Reviews Revealed To Newspaper Highlights More Patient Safety Concerns


By Rob Dixon

Medical law experts representing the families of people who have suffered as a result of care failings at Tameside General Hospital in Manchester have called once again for action to be taken to improve standards at the site, following fresh concerns about patient safety.

The Guardian reports that it has seen two previously unpublished reviews commissioned into standards at the hospital, with concerns being raised in relation to issues including some patients being left for up to four days in order to be assessed by doctors.

Issues including a shortage of available beds in accident and emergency, concerns over staff shortages and guaranteeing full rotas of staff have also been raised in the documents, according to the national newspaper.

Irwin Mitchell’s medical negligence lawyers represent people affected by problems at Tameside Hospital in recent years, including the family of mother-of-two Susan Tatum who died several hours after being discharged from the hospital.

An inquest into Mrs Tatum’s death found a failure to carry out basic investigations and a lack of communication between staff contributed towards her death.

Sarah Sharples, a medical lawyer at Irwin Mitchell’s Manchester office who represents Susan’s husband David Tatum, said: “The fresh concerns raised in relation to Tameside General Hospital are clearly an enormous concern and it is vital that steps are taken to fully investigate and tackle issues at the hospital once and for all.

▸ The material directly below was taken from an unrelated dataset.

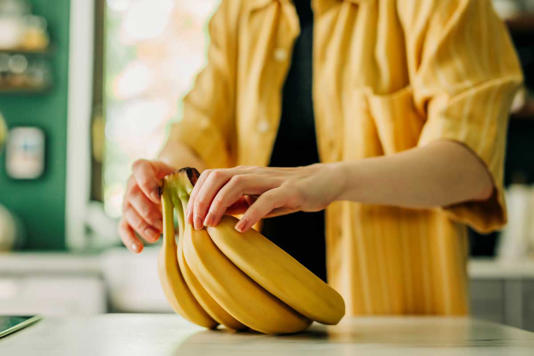 바나나 많이 먹으면 안 좋다던데… 이유는?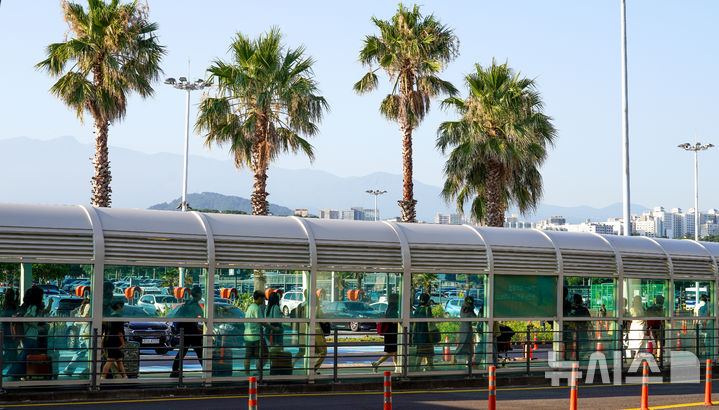 [제주=뉴시스] 우장호 기자 = 2일 오전 제주국제공항 1층 도착장이 관광객들의 발길로 붐비고 있다. 2025.08.02. woo1223@newsis.com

“Susan’s family were, and still are, devastated by her death. Tameside Hospital NHS Foundation Trust has now admitted that Susan should have been kept in hospital and that had she been, she would still be here today.

“The latest concerns raised about shortages of beds in A&E are clearly worrying considering Susan’s story and it is absolutely vital that the NHS learns lessons and improves the support offered to patients in this regard as quickly as possible.

“The fundamental aim must be to ensure that no one else suffers in the same way by being inappropriately sent home from A&E departments when they are seriously ill.”